• [Task objective]
Please output the data exactly, minus pictures.
·····
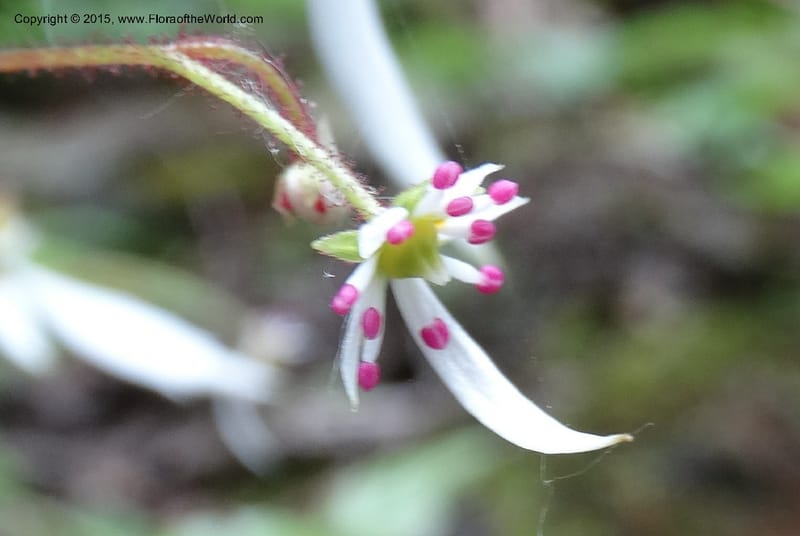Saxifraga mengtzeana, Boufford, D 43703--China. Sichuan. LongDongZhen on Rd. to LeiYuan Shan. 13 May 2014. DSC05860 (67).JPG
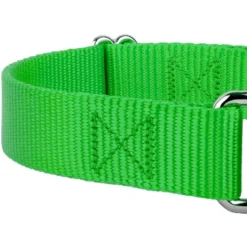 Country Brook Design Martingale Heavyduty Nylon Dog Collar And Double Handle Leash 11 Country Brook Design Martingale Heavyduty Nylon Dog Collar And Double Handle Leash -Pet Supplies Online GUEST 105d9968 f2d8 4c79 876a b366234b9c50
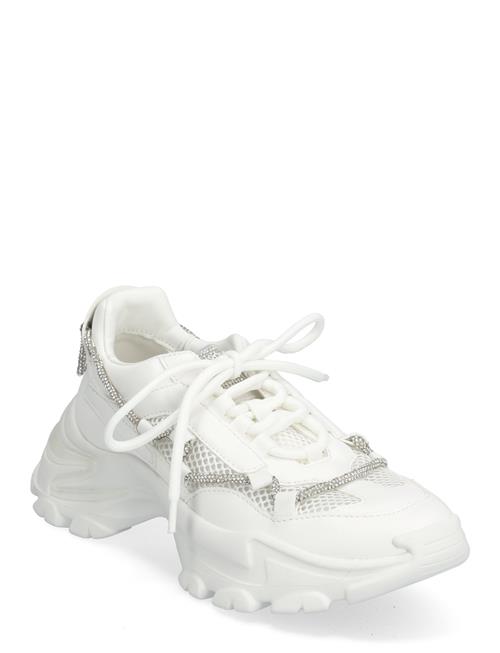 Miracles Sneaker Steve Madden White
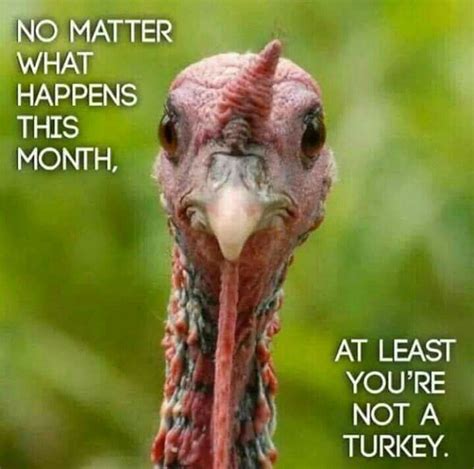 Pin By Wendy Carroll On Turkey Day Thanksgiving Quotes Funny Funny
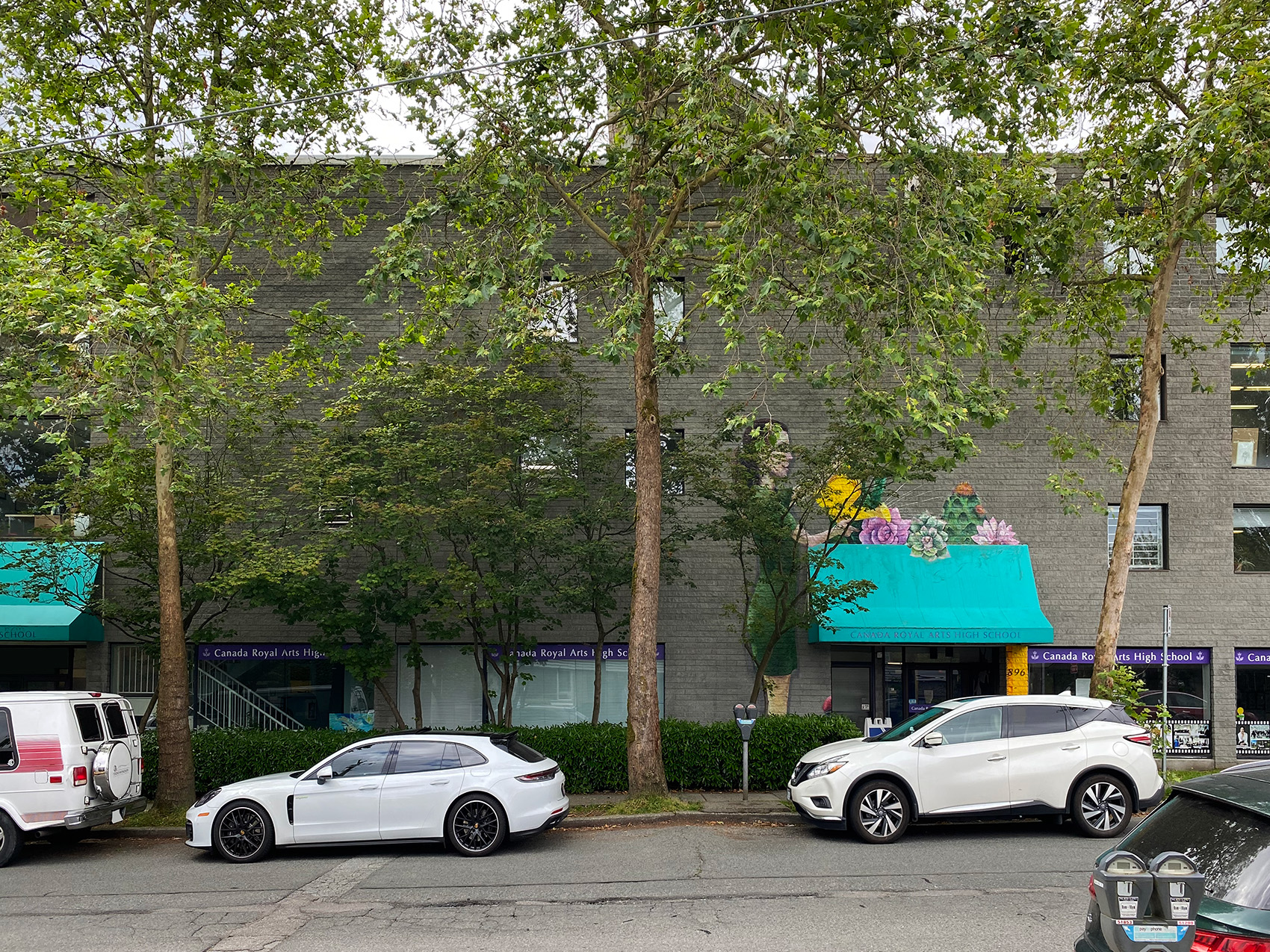 Steve Gairns (2024).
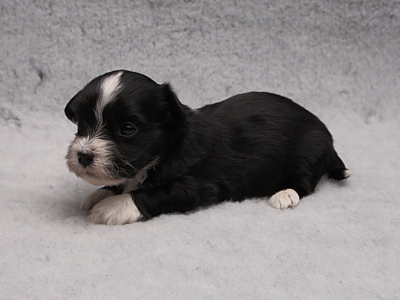 Bichon Havanais hvalpe fra Kennel Miki Nanoq
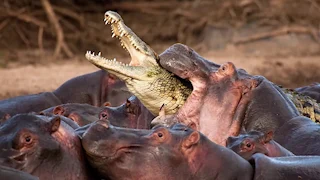 Top 10 ANIMALS With The STRONGEST BITE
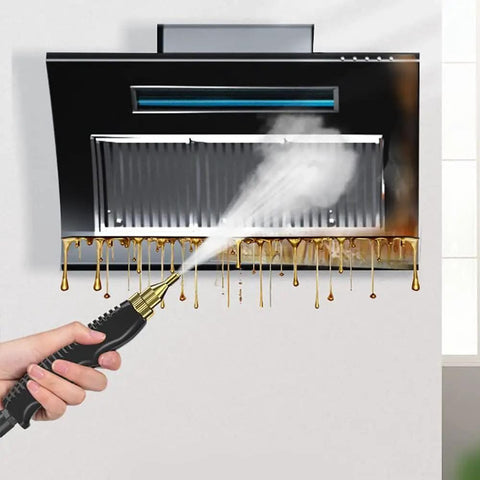 Beast 2500W High Temperature Handheld Steam Cleaner with Multi Gear Settings cleaning kitchen exhaust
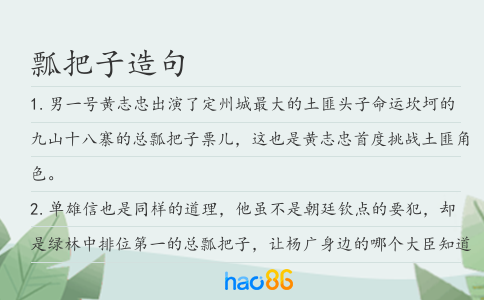 瓢把子造句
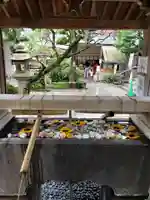 鳩森八幡神社の手水舎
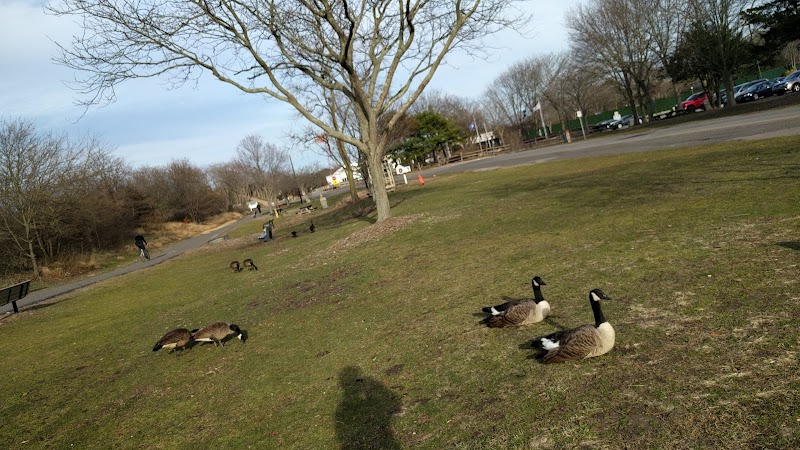 Holtsville Park photo 5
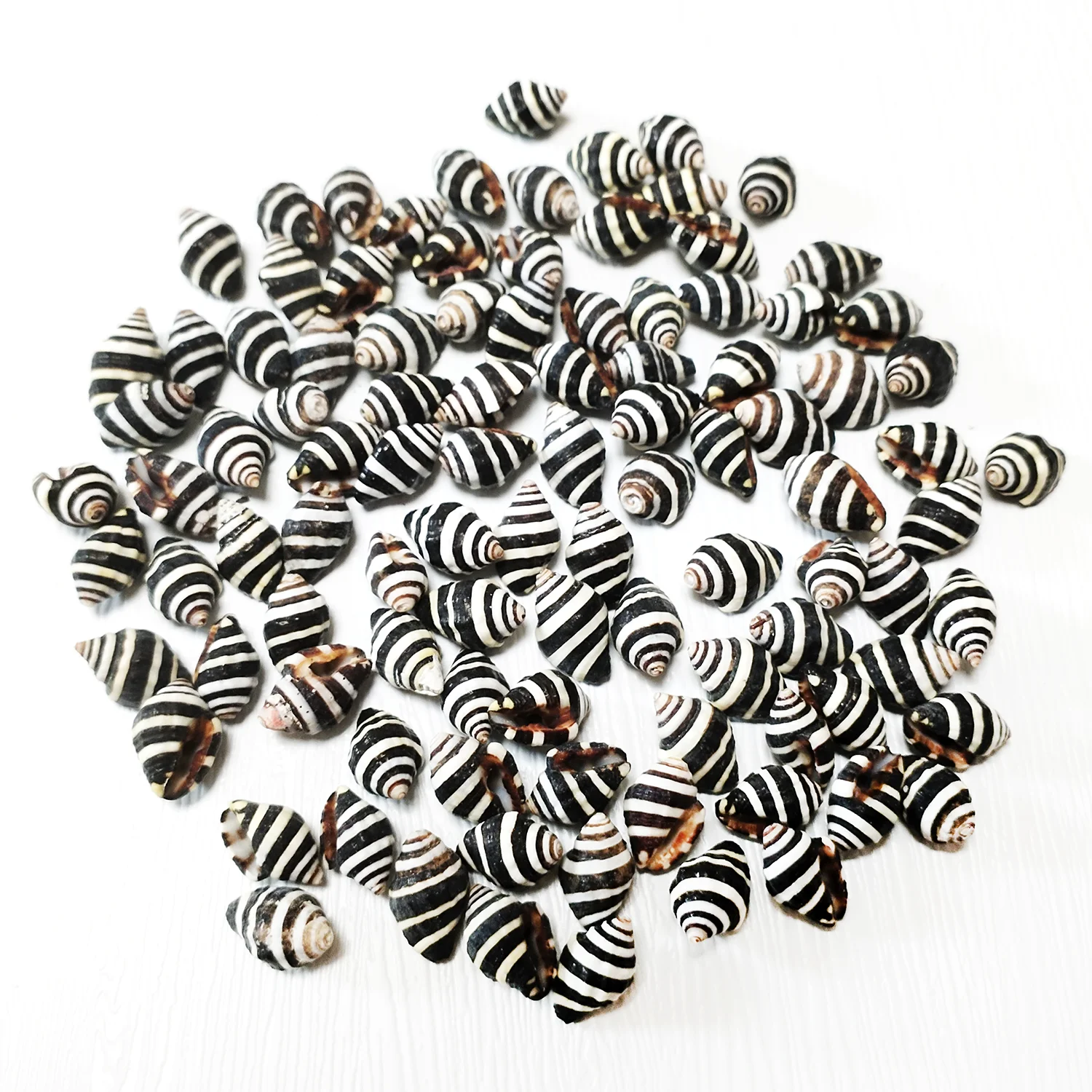 50/100 Pieces Natural Engina Mendicaria Real Bumblebee Snail Crafts Slices For DIY Jewelry Making Marine Style Fish Tank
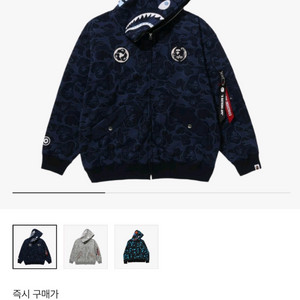 (구매글)베이프 알파인더스트리 후드집업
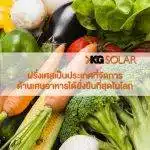 ฝรั่งเศสเป็นประเทศที่จัดการด้านเศษอาหารได้ยั่งยืนที่สุดในโลก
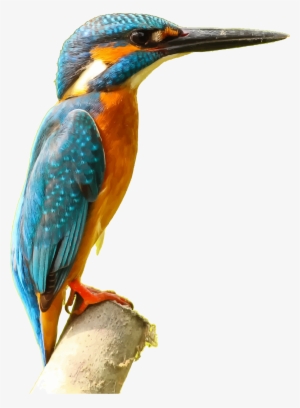 Kingfisher Png Picture - Kingfisher Png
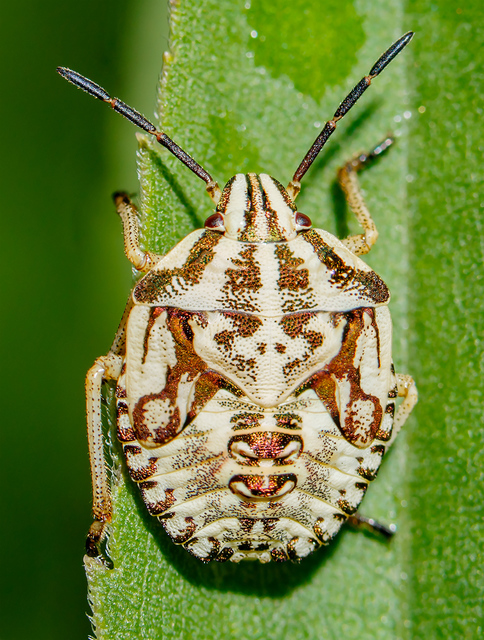 Carpocoris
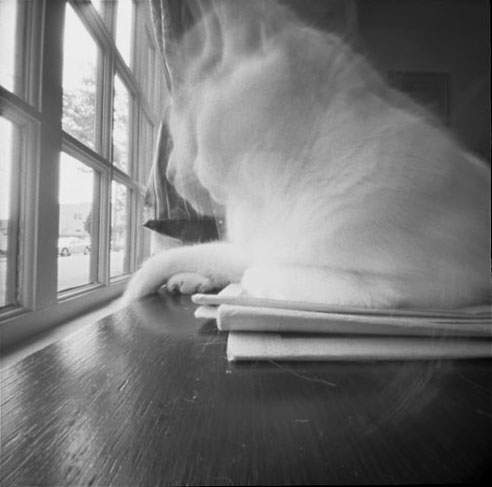 pinhole photograph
·····
• [Problem solution]
Saxifraga mengtzeana, Boufford, D 43703--China. Sichuan. LongDongZhen on Rd. to LeiYuan Shan. 13 May 2014. DSC05860 (67).JPG
 Country Brook Design Martingale Heavyduty Nylon Dog Collar And Double Handle Leash 11 Country Brook Design Martingale Heavyduty Nylon Dog Collar And Double Handle Leash -Pet Supplies Online GUEST 105d9968 f2d8 4c79 876a b366234b9c50
 Miracles Sneaker Steve Madden White
 Pin By Wendy Carroll On Turkey Day Thanksgiving Quotes Funny Funny
 Steve Gairns (2024).
 Bichon Havanais hvalpe fra Kennel Miki Nanoq
 Top 10 ANIMALS With The STRONGEST BITE
 Beast 2500W High Temperature Handheld Steam Cleaner with Multi Gear Settings cleaning kitchen exhaust
 瓢把子造句
 鳩森八幡神社の手水舎
 Holtsville Park photo 5
 50/100 Pieces Natural Engina Mendicaria Real Bumblebee Snail Crafts Slices For DIY Jewelry Making Marine Style Fish Tank
 (구매글)베이프 알파인더스트리 후드집업
 ฝรั่งเศสเป็นประเทศที่จัดการด้านเศษอาหารได้ยั่งยืนที่สุดในโลก
 Kingfisher Png Picture - Kingfisher Png
 Carpocoris
 pinhole photograph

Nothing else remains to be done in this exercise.